On completion of 6.045, students will be able to explain the basic methods
and conclusions of the Theory of Computation. They will be able to apply
these methods to problems from different fields and be guided by the
results in searching for computational solutions to the problems.
In particular, students will be able to
explain the theoretical limits on computational solutions of undecidable
and inherently complex problems.
describe concrete examples of computationally undecidable
or inherently infeasible problems from different fields.
devise and analyze the complexity of procedures to
determine properties of computationally bounded automata.
understand formal definitions of
machine models.
prove the undecidability or complexity of a variety of problems.
Learning Outcomes
Students will be able to:
synthesize finite automata with specific properties.
convert among multiple representations of finite automata.
use pigeon-holing arguments and closure properties
to prove particular problems cannot be solved by finite automata.
calculate asymptotic
estimates of the computational complexity of simple procedures from
automata, language and graph theory.
prove undecidability using
diagonalization and reducibility methods.

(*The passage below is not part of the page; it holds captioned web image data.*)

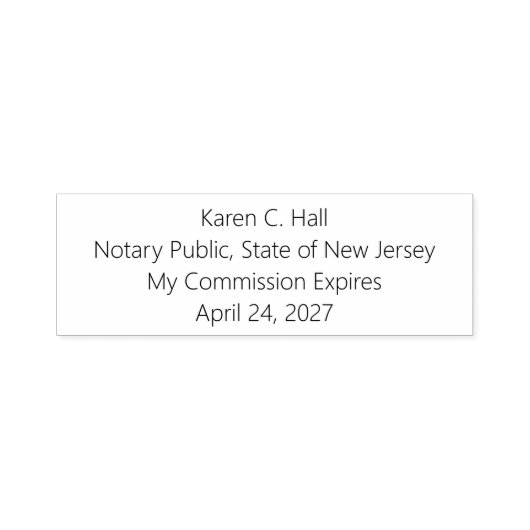 Aflopen van de persoonlijke notaris overheidscommi  zelfinktende stempel (Design)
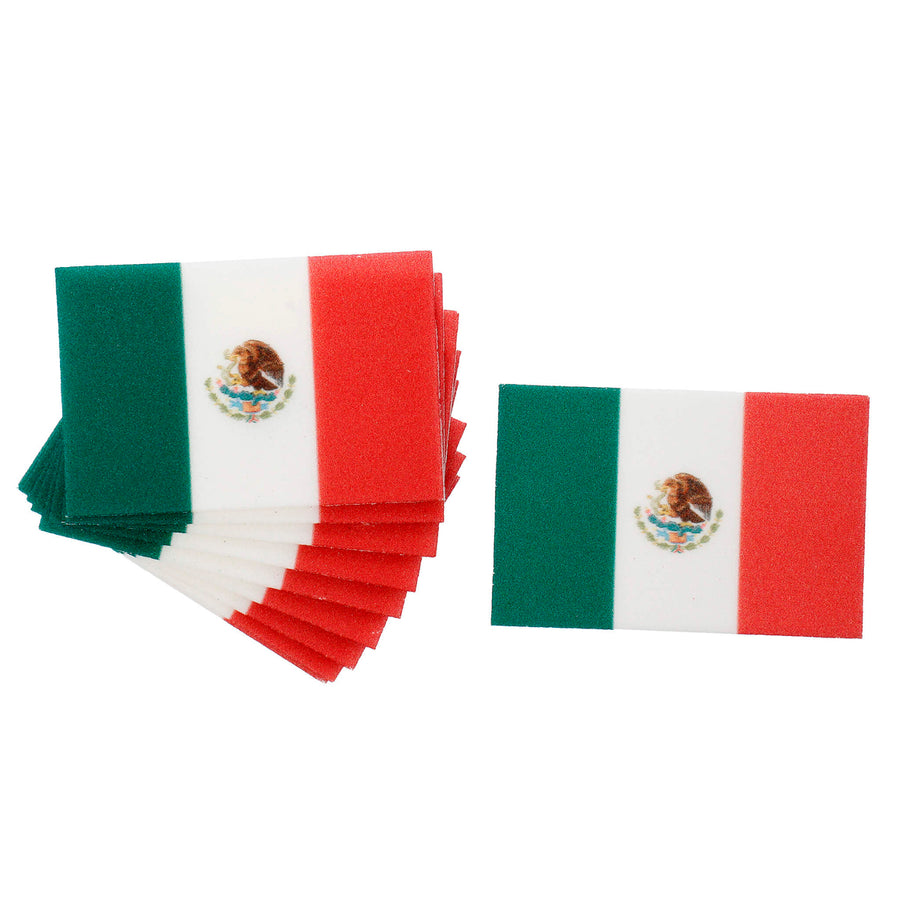 Art.12213 Banderas de México 4.5x6.5cm 10pz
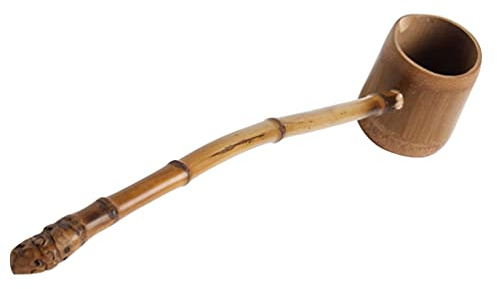 Housoutil Wooden Spoons Japanese Water Ladle Long Handled Hishaku Water Bailer Dipper Spoon Bath Ladle Scoop for Garden Tea Ceremony Bathroom Sauna Hair Washing Baby Rinse Cup Wooden Ladle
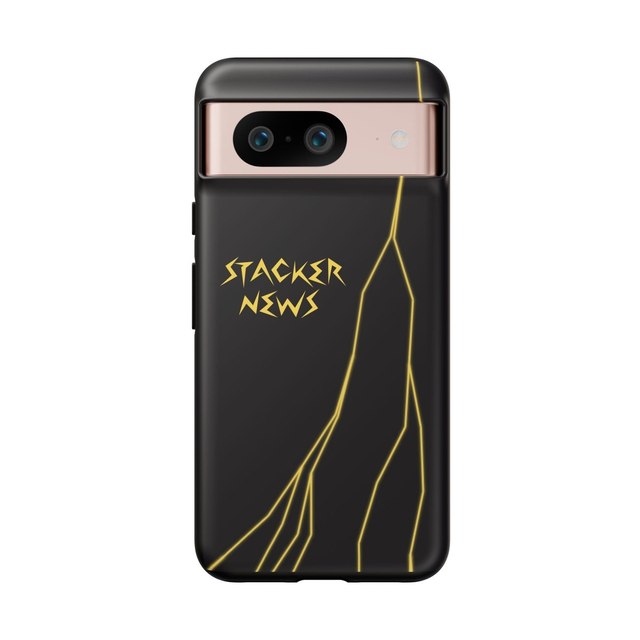 STACKER NEWS Pixel Black Tough Cases — Google Pixel 8, Matte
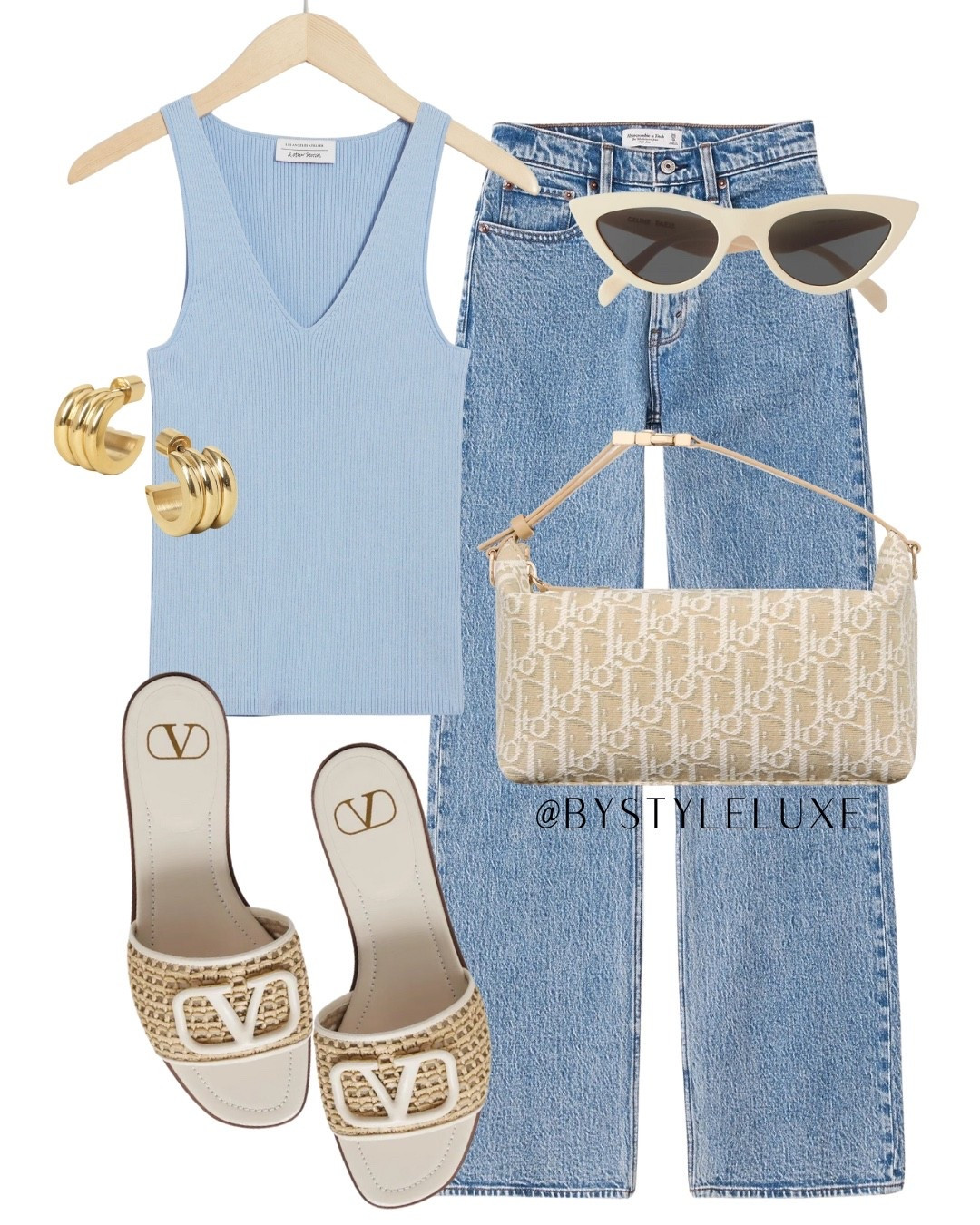 BLUE - styling an all blue outfit with white accessories to add contrast and elevate the look

#jeans #summeroutfit #holidayoutfit 

#LTKsummer #LTKstyletip #LTKeurope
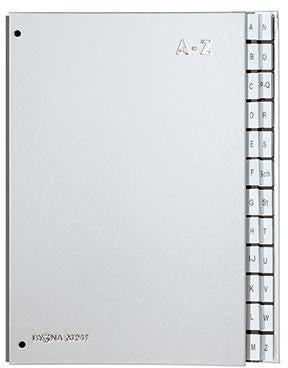 PAGNA Pultordner 24249-01 DIN A4 A-Z 24 Fächer Polypropylen rot – Made in Germany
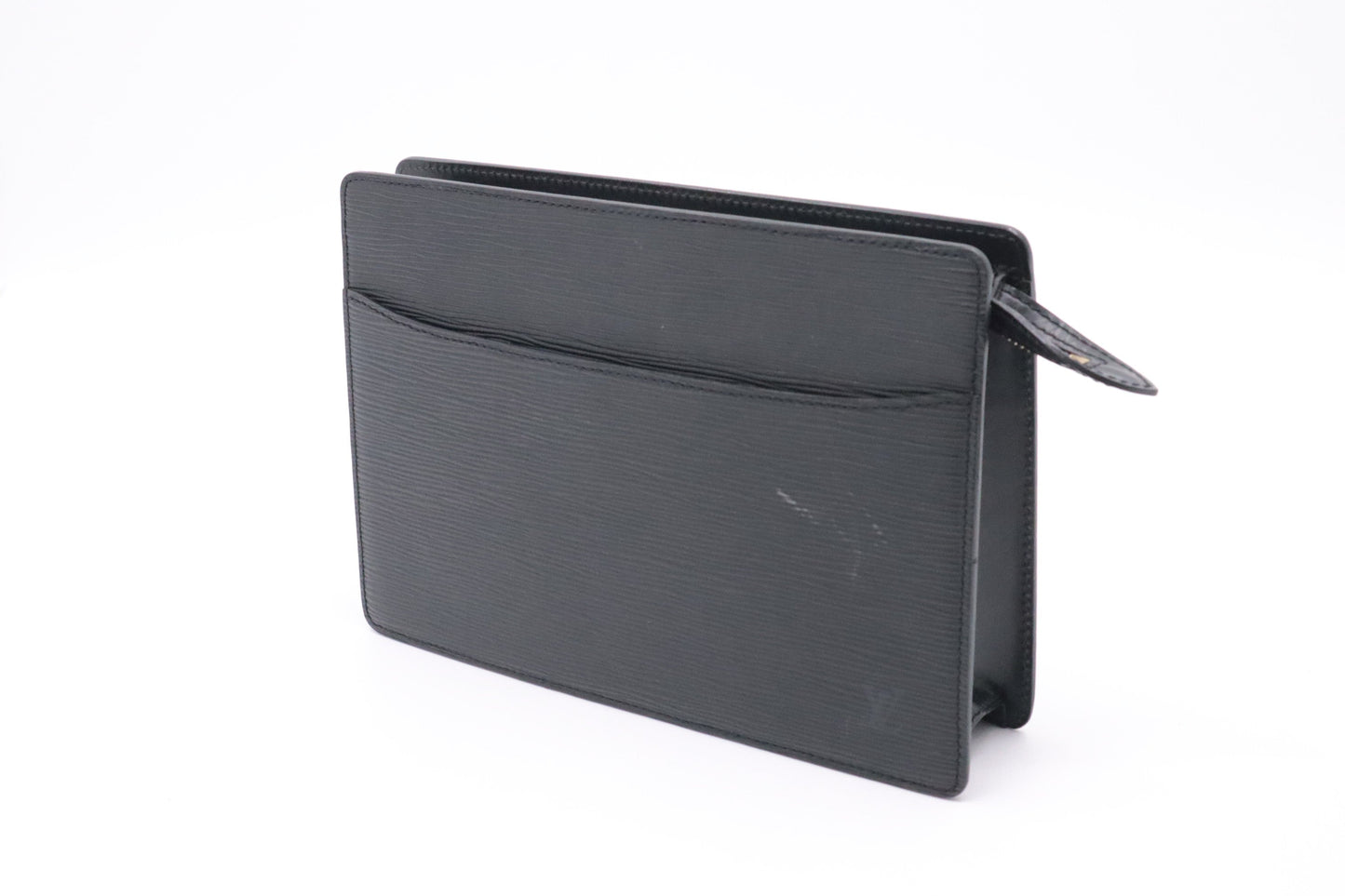 Louis Vuitton Pochette Homme Epi Leather Black Clutch Bag Epi Leather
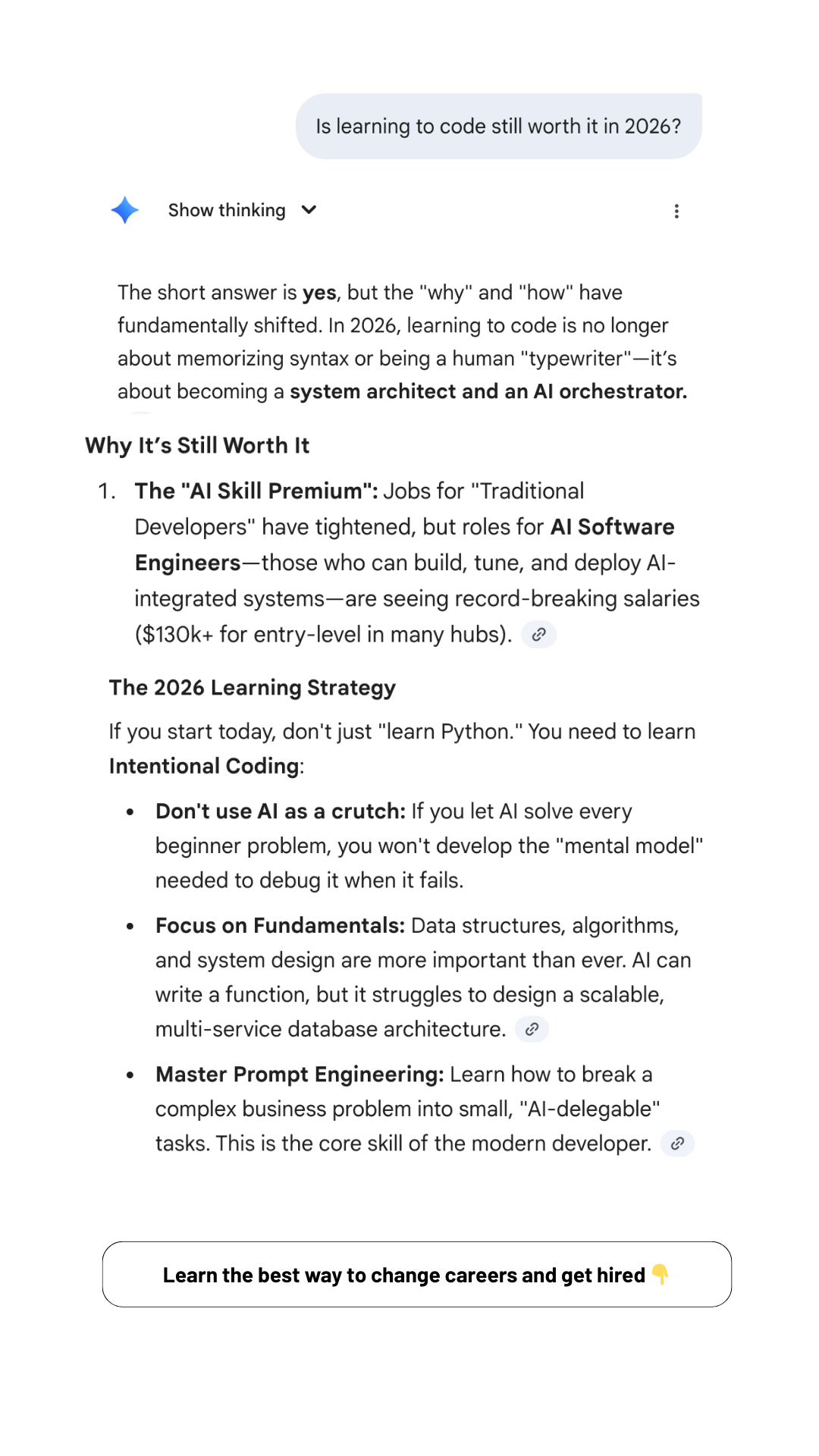 Zero To Mastery Facebook ad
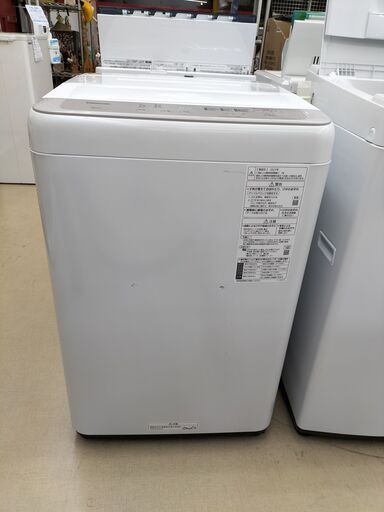 Panasonic 6K洗濯機  NA-F60B14  2021年製　IK-151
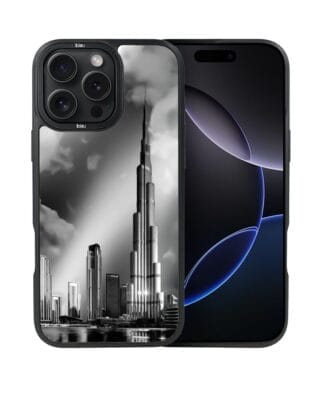 Etui do iPhone 16 Pro Max IBIZU DropGuard Matt z MagSafe, Noir City, Burj Khalifa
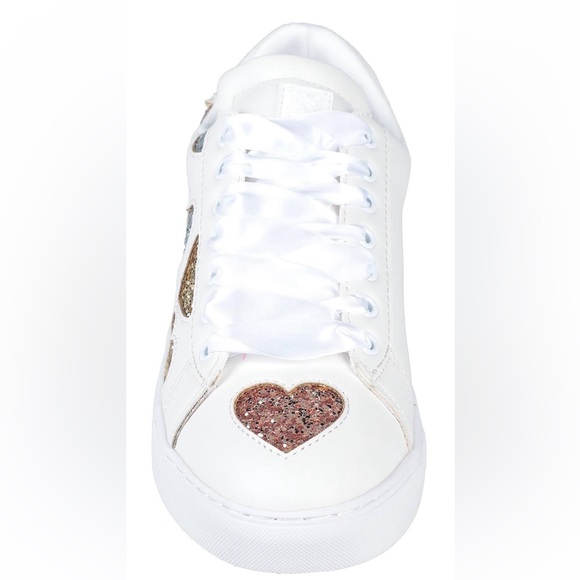 Colors of California Sneakers with Multi Glitter Glittery Hearts, Size 8, EU 38! - Picture 4 of 4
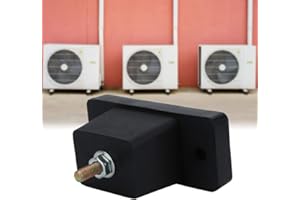 ‎OUKENS Shock Cushion for Air Conditioning, 4-Piece Non-Slip Rubber Bracket for Air Conditioning, Shockproof Foot Pad, Raising Mat Holder for Outdoor Air Conditioning, Shock Cushion for Air Conditioning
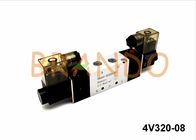DC / AC 1/4'' Solenoid Pneumatic Valve For Double Acting Pneumatic Cylinder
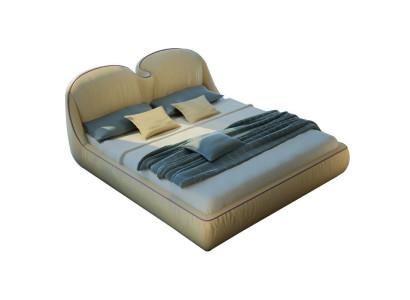 Ontwerp bedden Leren bed Dubbel Luxe Huwelijk Modern Hotel Frame Slaap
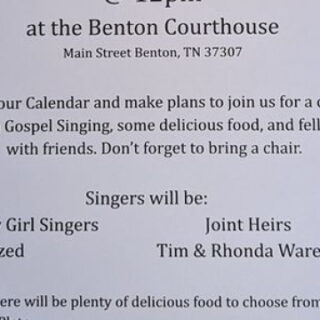 9/2 Joint Heirs Annual Singing on the Square Benton Courthouse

use the relationship between
recognizability and decidability to determine decidability
properties of problems.
describe concrete examples of
undecidable problems from different fields.
define, and explain the significance of, the "P = NP?"
question and NP-completeness.
describe concrete examples of
NP-complete problems from different fields.
prove lower bounds on time and space
complexity using diagonalization and polynomial time reducibility methods.
define deterministic and nondeterministic
computation time and space, and explain the relationships among them.
describe concrete examples of decidable problems
that are known to be unsolvable in polynomial time.